Intervention de Jean-Yves Perrot

Délégation sénatoriale à l'Outre-mer — Réunion du 4 avril 2012 : 1ère réunion
La zone économique exclusive des outre-mer : quels enjeux — Audition de M. Jean-Yves Perrot président-directeur général de l'institut français de recherche pour l'exploitation de la mer ifremer

Jean-Yves Perrot, président-directeur général de l'Institut français de recherche pour l'exploitation de la mer (IFREMER) :

Je ne sais pas si je peux vous rassurer, mais je peux vous informer. Vos questions sur le SIH sont au coeur, pour paraphraser Edgar Morin, des tensions dialogiques des missions qui sont les nôtres. C'est un peu comme si vous demandiez, toutes proportions gardées, à l'Éducation nationale de résoudre tous les problèmes de la société française, et à un institut de recherche appliquée à la mer de résoudre toutes les contradictions de la gestion du milieu marin à l'échelle de la France, à l'échelle de l'Europe, à l'échelle du monde. Je vais cependant essayer, à mon niveau, d'apporter quelques éléments de précision complémentaires.

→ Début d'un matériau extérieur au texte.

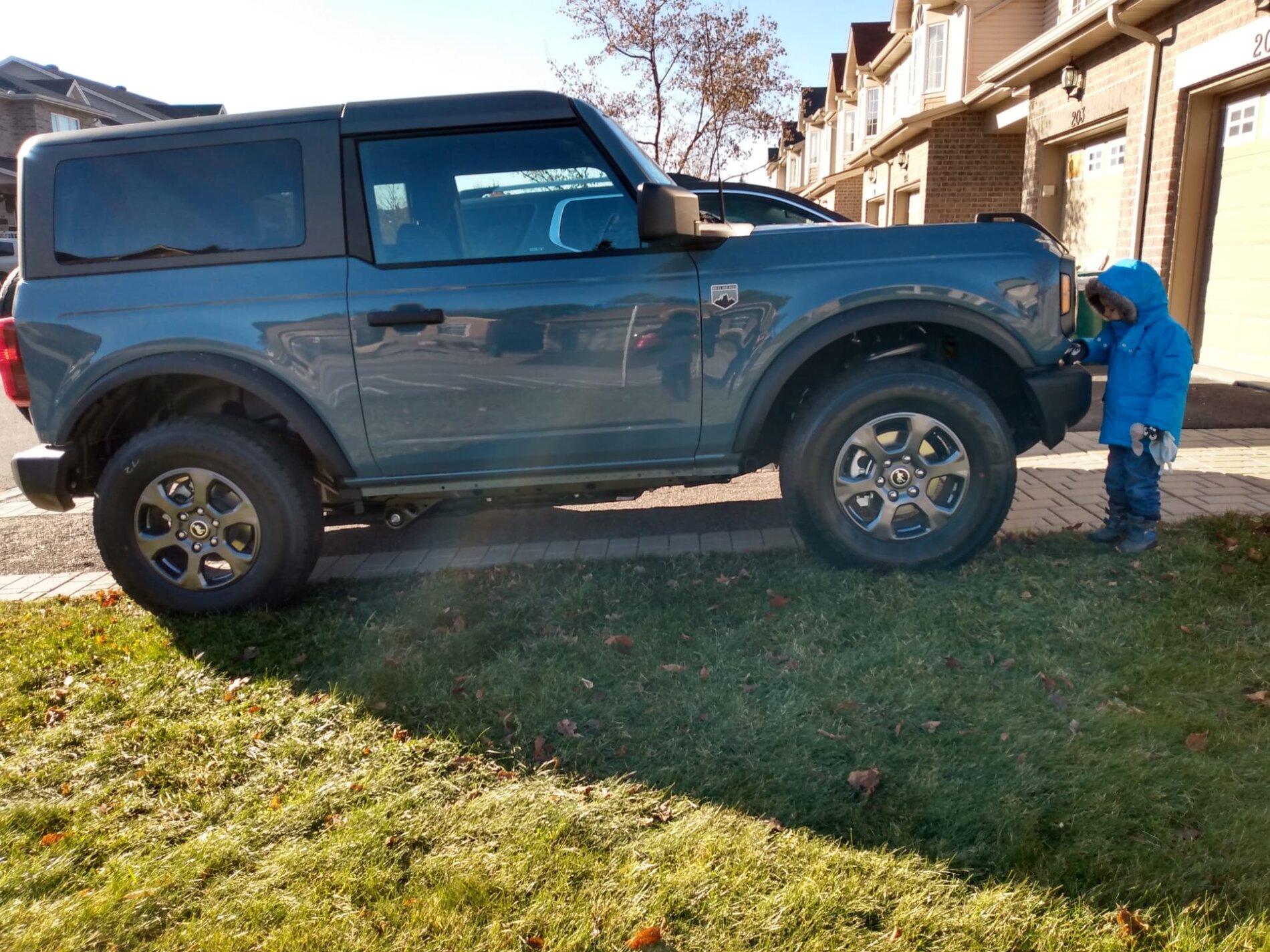 Ford Bronco 2door BB Delivery (Canada X-plan honored) IMG-20211127-WA0020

Les autres pays européens disposent d'un outil plus ou moins équivalent au SIH français. Dans le Golfe de Gascogne, nous avons avec les Espagnols des campagnes communes sur l'anchois, menées par les instituts de recherche espagnols. La France se singularise par le fait que l'IFREMER intervient sur toute la gamme des ressources, alors que la plupart des pays européens ne disposent que d'instituts dédiés à l'halieutique. Ces instituts européens répondent au même cahier des charges qui est celui de l'Union européenne dans le cadre de la PCP.

La PCP a en grande partie échoué dans ses objectifs pour une raison fondamentale à mes yeux : il lui manque le lien entre l'approche biologique et l'approche économique. Le véritable équilibre, c'est l'approche bioéconomique. Il faut intéresser les acteurs de la ressource, qui sont d'abord les acteurs économiques : les pêcheurs, qui investissent et ont des charges, mais qui sont aussi les gardiens de la ressource. Le lien entre la biologie et l'économie, que l'Europe n'a pas fait, doit être créé.

Troisième élément de réponse : à travers l'outre-mer, on décrit un espace européen mais aussi un espace mondial. L'approche européenne a quelque chose d'angélique : dès lors que nous nous imposons un système de références et de normes, que nous n'avons pas la capacité à partager et à appliquer avec le monde qui nous environne, la question est de savoir si nous sommes dans un scénario d'exemplarité avec une faculté d'entraînement - c'est le scénario vertueux - ou dans un scénario d'exemplarité naïve dans lequel nous creusons notre propre tombe en renonçant à combattre à armes égales. C'est une question qui dépasse très largement les compétences de l'IFREMER.

L'accès à la connaissance en matière halieutique requiert de la modestie, raison pour laquelle nous considérons que les campagnes communes avec les pêcheurs, complémentaires des campagnes strictement scientifiques, sont indispensables, ne serait-ce que pour expliquer la discordance naturelle et perturbante entre la constatation opérationnelle des pêcheurs, qui voient des bancs de poissons dans la mer, et les campagnes à vocation scientifique qui disent que ces mêmes espèces se raréfient. Il faut expliquer cette discordance apparente et mesurer la relativité des perceptions. Un des outils qui permettra de le faire dans le cadre de la PCP est la conférence consultative régionale.

Par ailleurs, la question clé de la ressource halieutique est celle de la résilience : quand on applique un certain nombre de décisions de contingentement de la pêche, la ressource se reconstitue-t-elle ou pas ? Certains exemples de régulation comme celui de l'anchois montrent qu'il est possible d'organiser la résilience. D'autres exemples, qui ne sont pas ultra-marins mais qui sont transposables, le montrent aussi : la langoustine dans certaines zones de Bretagne, la coquille Saint-Jacques dans la baie de Saint-Brieuc.

Vous me demandez si nous sommes propriétaires des données que nous produisons. La réponse est oui.

Je vous ferai parvenir, en réponse à votre question sur le panorama général, un document qui regroupe l'état des ressources segment par segment - halieutique, aquaculture, ressources minérales et énergie marine - dans une version consolidée.

Les données sur Saint-Pierre-et-Miquelon ne sont pas encore disponibles. Elles sont en cours de traitement. Il n'y a pas de SIH pour l'instant. Il faudrait des campagnes d'évaluation de la ressource, si possible communes avec les Canadiens, afin de gérer au mieux les intérêts respectifs des parties.